## [Your instructions]
Search the records for the string "Herringbone" and copy every line in which it appears.

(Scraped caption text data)
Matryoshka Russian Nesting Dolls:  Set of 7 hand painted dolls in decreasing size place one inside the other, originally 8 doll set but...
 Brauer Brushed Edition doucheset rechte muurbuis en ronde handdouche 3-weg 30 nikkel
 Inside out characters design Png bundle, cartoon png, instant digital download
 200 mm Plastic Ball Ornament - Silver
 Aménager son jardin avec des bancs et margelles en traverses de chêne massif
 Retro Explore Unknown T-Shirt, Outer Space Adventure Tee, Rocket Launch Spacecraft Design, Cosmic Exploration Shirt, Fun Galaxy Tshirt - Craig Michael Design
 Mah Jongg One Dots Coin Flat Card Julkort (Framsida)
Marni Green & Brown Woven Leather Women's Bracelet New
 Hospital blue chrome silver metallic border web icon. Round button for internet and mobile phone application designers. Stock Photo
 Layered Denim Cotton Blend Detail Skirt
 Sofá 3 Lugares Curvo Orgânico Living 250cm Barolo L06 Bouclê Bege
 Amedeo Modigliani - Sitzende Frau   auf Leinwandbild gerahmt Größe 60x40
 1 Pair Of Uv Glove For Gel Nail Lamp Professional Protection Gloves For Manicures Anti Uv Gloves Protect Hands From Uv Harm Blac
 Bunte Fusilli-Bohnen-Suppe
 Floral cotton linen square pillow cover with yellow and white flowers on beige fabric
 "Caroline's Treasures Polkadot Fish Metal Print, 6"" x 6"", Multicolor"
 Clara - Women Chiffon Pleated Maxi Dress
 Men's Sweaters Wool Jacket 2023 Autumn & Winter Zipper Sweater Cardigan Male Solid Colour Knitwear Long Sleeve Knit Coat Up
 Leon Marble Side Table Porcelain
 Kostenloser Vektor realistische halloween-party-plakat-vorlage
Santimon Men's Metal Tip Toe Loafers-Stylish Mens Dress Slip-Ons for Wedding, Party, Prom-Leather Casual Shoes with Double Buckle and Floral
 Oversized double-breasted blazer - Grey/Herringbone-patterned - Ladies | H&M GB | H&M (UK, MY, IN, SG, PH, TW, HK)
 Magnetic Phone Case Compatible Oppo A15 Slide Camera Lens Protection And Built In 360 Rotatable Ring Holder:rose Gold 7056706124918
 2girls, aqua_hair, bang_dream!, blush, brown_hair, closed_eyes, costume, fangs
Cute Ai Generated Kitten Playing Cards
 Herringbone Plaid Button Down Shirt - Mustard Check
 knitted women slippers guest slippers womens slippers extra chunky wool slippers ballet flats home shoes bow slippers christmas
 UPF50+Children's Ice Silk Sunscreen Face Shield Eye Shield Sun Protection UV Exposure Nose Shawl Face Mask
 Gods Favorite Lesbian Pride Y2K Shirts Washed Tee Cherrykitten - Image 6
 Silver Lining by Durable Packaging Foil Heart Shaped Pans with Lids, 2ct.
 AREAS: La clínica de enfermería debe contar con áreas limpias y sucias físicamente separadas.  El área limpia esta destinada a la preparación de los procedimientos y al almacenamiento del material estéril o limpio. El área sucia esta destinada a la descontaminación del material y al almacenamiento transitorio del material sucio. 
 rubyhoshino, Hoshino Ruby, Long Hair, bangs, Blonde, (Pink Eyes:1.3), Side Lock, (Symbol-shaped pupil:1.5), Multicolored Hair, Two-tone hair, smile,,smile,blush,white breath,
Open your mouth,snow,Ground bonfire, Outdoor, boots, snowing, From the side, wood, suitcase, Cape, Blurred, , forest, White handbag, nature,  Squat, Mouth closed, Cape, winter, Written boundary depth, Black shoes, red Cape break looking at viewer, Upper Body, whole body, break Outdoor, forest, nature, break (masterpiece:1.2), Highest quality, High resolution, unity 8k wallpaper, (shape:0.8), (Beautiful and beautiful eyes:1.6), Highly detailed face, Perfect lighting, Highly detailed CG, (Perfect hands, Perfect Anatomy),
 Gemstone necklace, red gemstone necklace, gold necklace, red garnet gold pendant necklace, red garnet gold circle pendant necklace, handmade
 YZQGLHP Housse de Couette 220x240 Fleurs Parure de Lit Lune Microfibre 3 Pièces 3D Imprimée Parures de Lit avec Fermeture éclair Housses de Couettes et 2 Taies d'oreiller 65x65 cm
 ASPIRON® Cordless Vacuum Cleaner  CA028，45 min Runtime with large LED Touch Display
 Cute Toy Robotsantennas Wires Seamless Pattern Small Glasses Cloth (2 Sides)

## [Written solution]
 Oversized double-breasted blazer - Grey/Herringbone-patterned - Ladies | H&M GB | H&M (UK, MY, IN, SG, PH, TW, HK)
 Herringbone Plaid Button Down Shirt - Mustard Check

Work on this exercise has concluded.